With his father on the run, young Crawford Goldsby was shipped east to the Indian school in Carlisle, Pennsylvania. When he returned west as a teenager, he was physically a man and soon found a man’s trouble. A saloon quarrel with an older Negro cowboy led to drawn guns and Crawford fleeing the scene as a killer. Sometime during this period, Goldsby picked up the name Cherokee Bill. He answered to it when he joined the Cook Gang, a mostly black outlaw band, some of them ex-slaves of Cherokee Indians.
Fig. 4.5. Shoot-out at Fort Concho. (Frederic Remington’s How the Worm Turned, oil on canvas, April 1901. St. Lawrence University, Canton, NY.)
Cherokee Bill did everything one expects from a western outlaw—thieving, eluding posses, gun fighting, and murder. Bill’s most notorious act of violence was shooting his brother-in-law in an argument over some pigs. Bill also killed a barber, a train-station agent, and a train conductor. After a robbery where he killed a bystander, Bill was arrested and convicted of murder. His saga continued with appeals of his conviction to the United States Supreme Court and an escape attempt with smuggled guns. He finally was hanged in the summer of 1895.83
The black outlaws in Indian Territory highlight the blunt errors of formal racial categories. Cherokee Bill’s lineage included many strands of the American melting pot. So too, the Rufus Buck Gang, which plundered the territory for a short, violent spurt. They are reported alternately as Indian, black, and mulatto. An arresting officer described the leader, Rufus Buck, as part black. Photographs suggest that the gang members were a blend of Negro, Native, and white. After a short, violent career of robbery and murder, the gang was run to ground by black Creek Indian police. They surrendered after seven-hour gunfight and died under Judge Parker’s hanging justice in July 1896.
Other interracial gangs operated along a similar trajectory. Men like Tom Root, Buss Luckey, and Will Smith rode with a gang of train robbers who fought gun battles against pursuing posses and ultimately were executed under sentence from hanging Judge Parker.84
Some gun criminals in Indian Territory disappoint the stereotype. Della Humby was a simple bully who killed his wife and ambushed an Indian policeman who tried to arrest him. Other lawmen fell to gunfire from men like “Captain” Wiley, a Negro living among the Seminoles. Wiley killed a federal marshal in what he called a fair fight. He was arrested and died in custody at Fort Smith. This was not the only episode where white lawmen fell to Negro gunfire. In 1892, on a train between Santa Fe and Gainesville, Texas, a black man and a white marshal shot it out after harsh words that started when the marshal sat in the Negro smoking car. It is disputed who drew first. But the marshal and one Negro died from gunfire, and two other black men were arrested.85
Fig. 4.6. Rufus-Buck gang. (Photograph from 1895.)
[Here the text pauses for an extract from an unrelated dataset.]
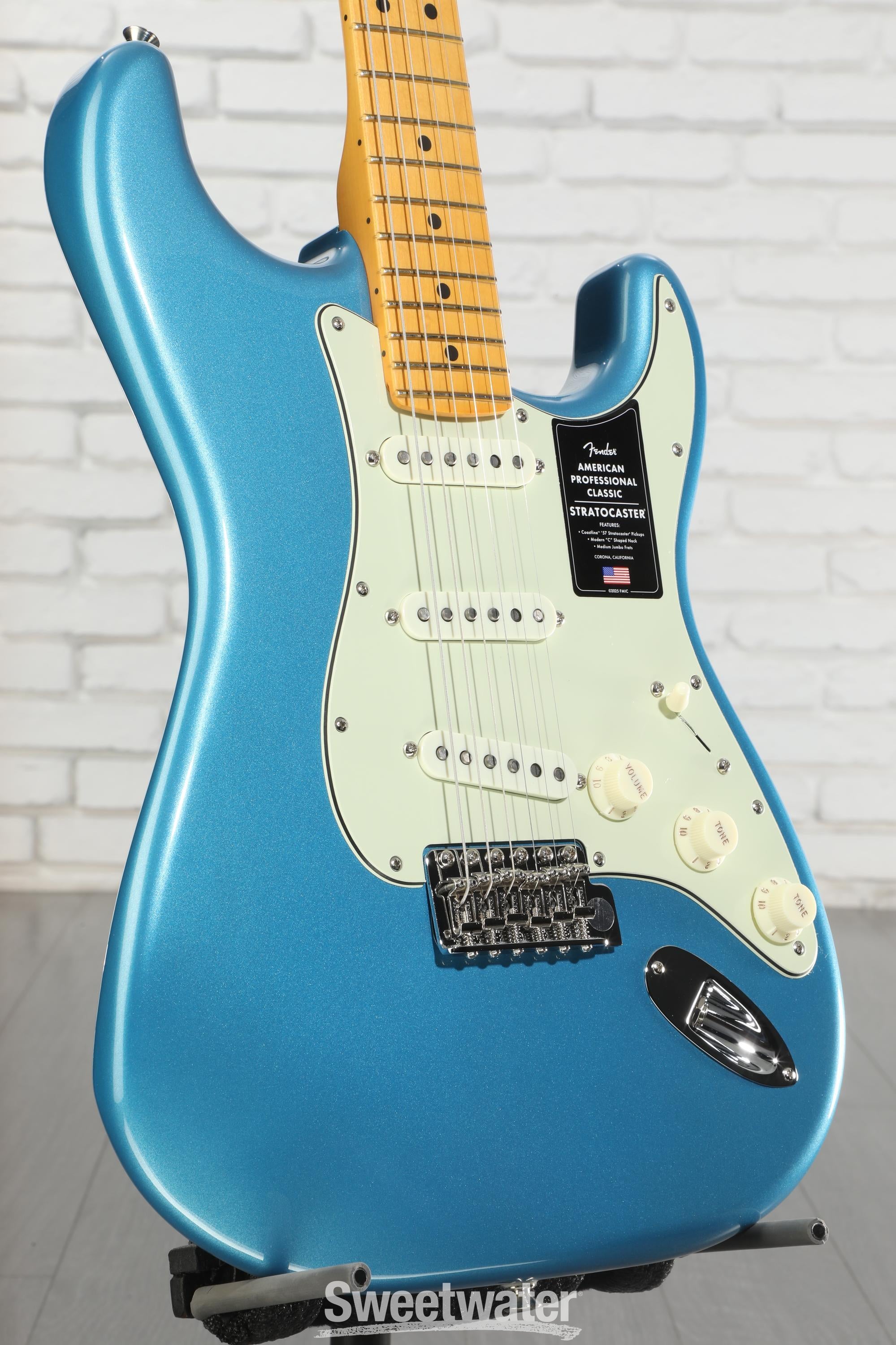 Fender American Professional Classic Stratocaster Electric Guitar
Black lawmen in Indian Territory demonstrate the diversity of the place. The deputy marshals who extended Judge Charlie Parker’s authority into the territory included at least twenty blacks whom we can verify by name and probably others who remain unknown because race was recorded only by happenstance.
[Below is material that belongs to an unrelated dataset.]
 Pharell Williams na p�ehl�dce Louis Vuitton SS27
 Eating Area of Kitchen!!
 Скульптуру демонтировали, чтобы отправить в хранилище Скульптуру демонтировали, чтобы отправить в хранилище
Bass Reeves is among the most storied of Parker’s black marshals. He is draped in tales of bravery, marksmanship, strength, and stamina that sometimes seem too fantastic to credit. But official reports level out the legend. Reeves is recorded killing fourteen men in the line of duty. He prevailed in numerous nonfatal showdowns and gunfights and rendered hundreds of whites, Indians, and Negroes to Charlie Parker’s justice.
The instinct that Parker’s black marshals were somehow unique is refuted by men like Willie Kennard, a former Buffalo Soldier, who rode into the town of Yankee Hill, Colorado, and applied for the marshal’s job. A skeptical mayor tested his resolve by sending him to arrest one of the town’s notorious villains, a rapist who was drinking in a saloon down the street. In classic western progression, Kennard entered the saloon and the bad man drew his gun. But Kennard was faster. With gun smoke hanging in the air, he dragged the wounded rapist to jail and picked up the marshal’s star. He served the town of Yankee Hill for three years before moving on.
Fig. 4.7. Bass Reeves, United States Marshal.
Brit Johnson was not a lawman, but his bravery and exploits fill the expectations about the western hero and form the basis for a tale by a western novelist titled The Black Fox. Brit Johnson was probably born a slave, but by 1871, he was living near Fort Griffin, Texas, with his family. He was already renowned for his 1864 rescue of a group of women and children who were abducted from a settlement in Young County, Texas, by Comanche raiders.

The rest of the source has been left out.